So far this season, NFL viewership is down by a whopping 12 percent. And while there are any number of reasons why the sport is taking such a big hit—a number of highly viewed presidential debates, the retirement of a slew of star players, and the proliferation of social media—the slumping ratings are affecting more executives than just Roger Goodell.

According to a report from Marketplace, sports bars like Buffalo Wild Wings, and fast-food chains like Papa John’s, rely on the NFL for roughly 10 percent of their foot traffic. And while Sunday Night Football still draws 22 million viewers—accounting for the highest ratings on television—the decline could be felt more intensely in the restaurant and bar business.

“For the third quarter, their sales are down almost 2 percent from where they were a year ago,” Stephen Anderson, a restaurant analyst at the Maxim Group, told Marketplace, adding that restaurant chains like Buffalo Wild Wings may look to different teams and sports to help drive traffic if the situation doesn’t approve.

Buffalo Wild Wings, in particular, has struggled in recent years, leading to a steep sharp in share prices over the last 12 months. In an effort to right the ship, the chain has attempted to set up more strongholds in urban areas and encourage customers to order carryout, despite the restaurant’s reputation as a destination for game day festivities.

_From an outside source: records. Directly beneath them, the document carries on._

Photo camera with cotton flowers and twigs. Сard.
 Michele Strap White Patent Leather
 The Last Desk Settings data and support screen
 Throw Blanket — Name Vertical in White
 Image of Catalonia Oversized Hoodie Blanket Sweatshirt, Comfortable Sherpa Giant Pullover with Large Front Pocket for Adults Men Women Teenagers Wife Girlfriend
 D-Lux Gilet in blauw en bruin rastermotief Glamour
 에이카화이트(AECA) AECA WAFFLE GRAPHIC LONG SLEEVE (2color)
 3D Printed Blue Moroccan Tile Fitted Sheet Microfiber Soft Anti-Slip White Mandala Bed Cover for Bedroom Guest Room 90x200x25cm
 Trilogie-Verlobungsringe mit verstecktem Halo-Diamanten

B-dubs’ management has apparently made so many unforced errors over the years that one of the company’s new investors penned a scathing letter in August, calling out the brand’s declining food quality and lack of strategy.

"The chronic absence of detail around even the most basic of metrics causes us to question whether the right questions are being asked and answered,” Mick McGuire, the founder and CEO of Marcato, wrote. Carryout, especially, is "inconsistent with the 'core consumer' at Buffalo Wild Wings: a social live-sports viewer," he said.